Arriving ahead of Channel 5’s one-off, ripped-from-the-headlines dramas about Kate McCann and murderer Tracie Andrews is Power: The Downfall of Huw Edwards, a lurid Goosebumps tale about Britain’s most famous disgraced newscaster. Tacky channel? Shot under a veil of secrecy before its announcement? Angry statements by Edwards to the Daily Mail condemning it? Check, check, check. But Power isn’t quite as lowbrow as you might imagine.
Star Martin Clunes is in total go-for-broke mode in the title role, uncannily furrowing his brow to just the right degree and bringing overqualified Welsh-accented gravitas to a script that asks him to repeatedly sink to all kinds of mucky carnal urges. The project he’s in, though, doesn’t match him: it’s the kind of rush-job TV lobotomy that satisfies nothing but a viewer’s baser instincts. Likely out of legal necessity, Power doesn’t illuminate as much as it recites, running down the gory basics of a too-recent news story that – at least based on Edwards’s peeved statement – isn’t resolved enough to sufficiently narrativise.
While a caption at the top of the show makes clear that “some scenes, characters and text messages have been dramatised” in Power, it’s a largely by-the-book affair, one informed by court evidence and extensive interviews with the Sun journalists who first reported the story, as well as the then teenager to whom he paid £35,000 in exchange for sexual images and videos. Here, the teenager is named Ryan (played with skittish naivety by Osian Morgan), who connects with Edwards at the prompting of another teenager he meets on a dating site.
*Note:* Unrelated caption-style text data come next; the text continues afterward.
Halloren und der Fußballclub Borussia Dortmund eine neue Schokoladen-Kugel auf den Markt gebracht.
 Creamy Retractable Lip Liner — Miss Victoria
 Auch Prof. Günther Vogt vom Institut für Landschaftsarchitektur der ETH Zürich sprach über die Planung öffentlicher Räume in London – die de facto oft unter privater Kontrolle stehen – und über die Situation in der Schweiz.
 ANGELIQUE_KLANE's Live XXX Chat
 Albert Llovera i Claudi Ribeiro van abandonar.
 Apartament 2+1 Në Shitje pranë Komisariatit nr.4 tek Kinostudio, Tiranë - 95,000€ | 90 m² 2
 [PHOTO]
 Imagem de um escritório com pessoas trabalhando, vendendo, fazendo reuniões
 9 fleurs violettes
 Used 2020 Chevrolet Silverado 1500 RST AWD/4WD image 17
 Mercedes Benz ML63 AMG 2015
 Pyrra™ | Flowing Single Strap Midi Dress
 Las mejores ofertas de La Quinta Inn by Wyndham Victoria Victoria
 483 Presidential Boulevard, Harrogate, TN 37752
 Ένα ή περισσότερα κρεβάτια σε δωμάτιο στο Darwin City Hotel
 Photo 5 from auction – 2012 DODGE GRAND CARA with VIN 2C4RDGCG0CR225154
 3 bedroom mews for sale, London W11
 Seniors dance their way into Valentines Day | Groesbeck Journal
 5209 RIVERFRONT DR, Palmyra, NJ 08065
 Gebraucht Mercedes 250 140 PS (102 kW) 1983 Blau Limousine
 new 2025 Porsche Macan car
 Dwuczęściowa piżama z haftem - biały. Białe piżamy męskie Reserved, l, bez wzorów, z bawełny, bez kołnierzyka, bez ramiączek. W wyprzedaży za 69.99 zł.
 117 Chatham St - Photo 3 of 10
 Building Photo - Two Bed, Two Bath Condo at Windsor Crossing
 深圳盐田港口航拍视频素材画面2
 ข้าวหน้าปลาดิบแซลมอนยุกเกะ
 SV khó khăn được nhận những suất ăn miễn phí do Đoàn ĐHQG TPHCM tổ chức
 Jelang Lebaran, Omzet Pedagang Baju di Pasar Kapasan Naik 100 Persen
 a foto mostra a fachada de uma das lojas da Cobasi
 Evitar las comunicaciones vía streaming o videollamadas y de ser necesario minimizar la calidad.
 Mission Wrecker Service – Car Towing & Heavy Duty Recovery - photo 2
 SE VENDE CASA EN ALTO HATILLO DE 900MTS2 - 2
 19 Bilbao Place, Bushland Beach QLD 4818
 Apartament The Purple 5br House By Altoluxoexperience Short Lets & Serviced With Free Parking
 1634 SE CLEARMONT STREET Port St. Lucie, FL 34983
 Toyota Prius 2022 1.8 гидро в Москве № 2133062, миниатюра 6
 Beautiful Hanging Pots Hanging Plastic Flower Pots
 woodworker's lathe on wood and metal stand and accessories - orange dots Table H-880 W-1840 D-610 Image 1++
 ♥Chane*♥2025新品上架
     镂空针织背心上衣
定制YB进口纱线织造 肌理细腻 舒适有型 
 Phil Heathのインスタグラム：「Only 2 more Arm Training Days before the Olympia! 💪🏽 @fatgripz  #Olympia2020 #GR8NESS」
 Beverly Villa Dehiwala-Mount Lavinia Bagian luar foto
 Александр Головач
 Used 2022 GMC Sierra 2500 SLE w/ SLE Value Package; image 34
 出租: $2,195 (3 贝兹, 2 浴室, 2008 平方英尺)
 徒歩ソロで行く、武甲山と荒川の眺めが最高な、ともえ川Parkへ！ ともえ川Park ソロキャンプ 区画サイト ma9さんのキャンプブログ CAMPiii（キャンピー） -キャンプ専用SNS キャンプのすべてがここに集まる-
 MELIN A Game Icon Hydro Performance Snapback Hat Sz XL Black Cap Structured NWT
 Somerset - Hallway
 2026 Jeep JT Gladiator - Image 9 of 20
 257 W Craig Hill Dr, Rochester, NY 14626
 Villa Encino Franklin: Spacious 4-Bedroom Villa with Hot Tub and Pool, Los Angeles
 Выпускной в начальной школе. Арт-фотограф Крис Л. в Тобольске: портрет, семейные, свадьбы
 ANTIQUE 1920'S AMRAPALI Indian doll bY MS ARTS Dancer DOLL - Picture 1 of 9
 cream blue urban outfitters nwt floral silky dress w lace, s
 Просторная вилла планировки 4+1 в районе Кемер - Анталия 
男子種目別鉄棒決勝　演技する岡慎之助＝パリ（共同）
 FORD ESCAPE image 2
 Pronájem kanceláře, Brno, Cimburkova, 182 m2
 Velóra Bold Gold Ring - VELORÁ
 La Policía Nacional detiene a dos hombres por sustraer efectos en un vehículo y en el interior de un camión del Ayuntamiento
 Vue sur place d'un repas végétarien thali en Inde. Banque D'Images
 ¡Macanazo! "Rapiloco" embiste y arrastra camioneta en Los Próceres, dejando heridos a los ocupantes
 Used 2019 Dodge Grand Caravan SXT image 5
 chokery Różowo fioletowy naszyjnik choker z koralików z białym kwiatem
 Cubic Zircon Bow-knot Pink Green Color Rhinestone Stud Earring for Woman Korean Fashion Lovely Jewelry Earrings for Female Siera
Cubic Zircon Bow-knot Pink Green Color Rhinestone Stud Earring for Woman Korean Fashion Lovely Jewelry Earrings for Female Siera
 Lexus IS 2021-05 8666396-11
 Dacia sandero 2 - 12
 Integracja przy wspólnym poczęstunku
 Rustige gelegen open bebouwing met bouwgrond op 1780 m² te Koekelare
That teenager is Alex Williams (played by Joseph Loane), who was already exchanging pornographic material with Edwards over WhatsApp – Williams was later handed a 12-month suspended sentence for possessing and distributing images of child sex abuse, including to Edwards.
Power depicts Edwards as a prickly and aggressive benefactor to a confused teenager, sending him gifts and buying him hotel stays. Edwards’s emotions can turn on a dime. He chastises Ryan’s grammar, throws a strop when asked about his relationship to his sexuality, and is quick to weaponise his fame and status whenever he feels cornered: “Earn your keep and know your f***ing place,” he shouts down the phone. Reporters at The Sun are included to relay drab exposition and the legal ins and outs of investigative journalism (it’s very “Spotlight for Dummies”), while Williams is nothing if not a horror movie-style paedophile, sitting alone at his computer screen and cast in moody shadow, transferring photos to Edwards while dramatic music plays.
It’s all, weirdly, a bit silly – the sordid details of this saga meshing uneasily with the demand to make Power entertaining television. A handful of moments seem included solely for the giggles they might inspire, from Edwards limply encouraging Ryan to call him “daddy”, to Ryan’s horrified stepfather exclaiming, “You’re telling me f***ing Huw Edwards off the telly is gay for Ryan?” Hilarious! But this is, fundamentally, a story about men sending and receiving images of children being sexually abused. It requires a sensitivity that Power occasionally gestures to, but can’t sustain for the entirety of its 90-minute runtime.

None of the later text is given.